Fleur Taylor, 13, attends Bebington High School where she helps out on the school farm. She is also gaining other experience with local farmers to help achieve her dream of becoming a shepherdess.
School farm: From a young age I have always loved animals and wanted to work with them, but I never thought about farming until I started secondary school.
This is where everything changed for me.
At Bebington High School we have a school farm where we keep sheep, pigs, chickens, ducks, goats, turkeys and our own sheep dog called Lief.
The farm is fully functional and we sell our meat from sheep and pigs to students and teachers at school, as well as to hotels in Port Sunlight and a butcher in New Ferry.
When we first start at the farm we are told how the animals we raise are sent off to slaughter, but we fully understand this is what happens on a working farm.
Study: Anyone from Year 7 to Year 13 can join the farm and help.
From Year 9 onwards, students can study an animal care BTEC and in Year 12 we can choose to study animal management too.
The unit is partnered with Claremont Farm where we keep some of our Woodland pigs.

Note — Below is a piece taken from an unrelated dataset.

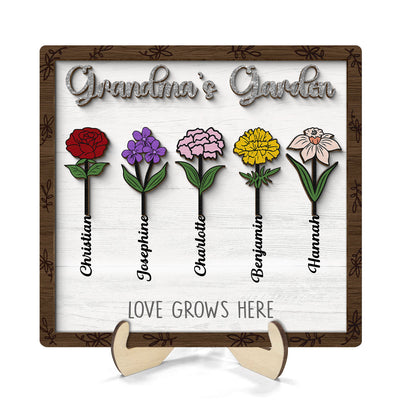 Grandma's Garden Birth Month Flower Personalized 2-Layer Wooden Plaque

We keep Hampshire Downs as they are a hardy breed and some are used as terminal sires too.
Experience: Every year we enter our animals into the Cheshire County Show where we win rosettes and prizes.

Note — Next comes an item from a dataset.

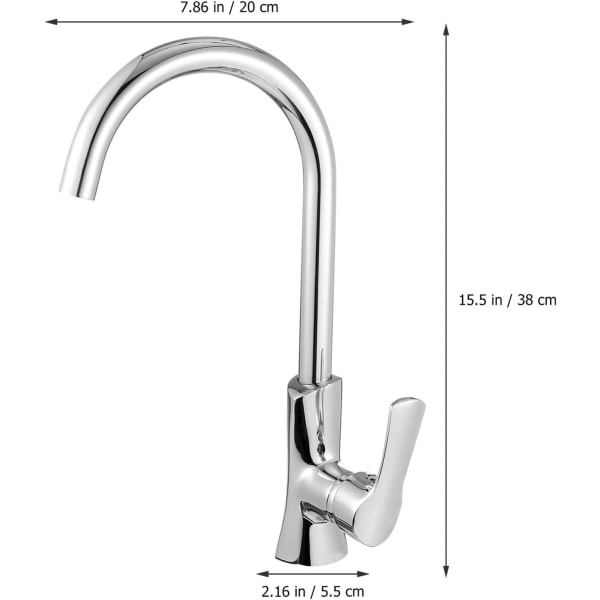 Set Rostfritt Stål Vattenkran Varmt Kallt Vatten Dispenser Modern Kökskran Kök Kran Kran för Kök Badkar Badkar (Silver)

I now have two rosettes hanging on my wall, one for a young handler class in goats and the other for a young handler class in sheep, and I hope to add a lot more in time.

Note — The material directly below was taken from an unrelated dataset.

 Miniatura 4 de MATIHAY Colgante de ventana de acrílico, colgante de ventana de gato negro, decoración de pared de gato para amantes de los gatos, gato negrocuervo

Not coming from a farming background, the school farm has really helped in getting me interested in agriculture and my aim to be a shepherdess.
Wanting to get as much experience as possible, I also work at a dairy farm in Brimstage, the Wirral, where farmer Donald Tyson owns more than 162-hectares (400-acres) of land with about 300 cattle.
Working there has been really interesting as you get to see how different farmers do things.
The days are long and there is lots of work to do, including setting up electric fences and feeding the cows. We also helped tag the newly born calves and helped farmers give straw to horses.
In the future I want to be a shepherdess, but getting as much experience as possible is key.
I think we need to get more young people into farming as we will need to carry on the farming tradition for many years to come.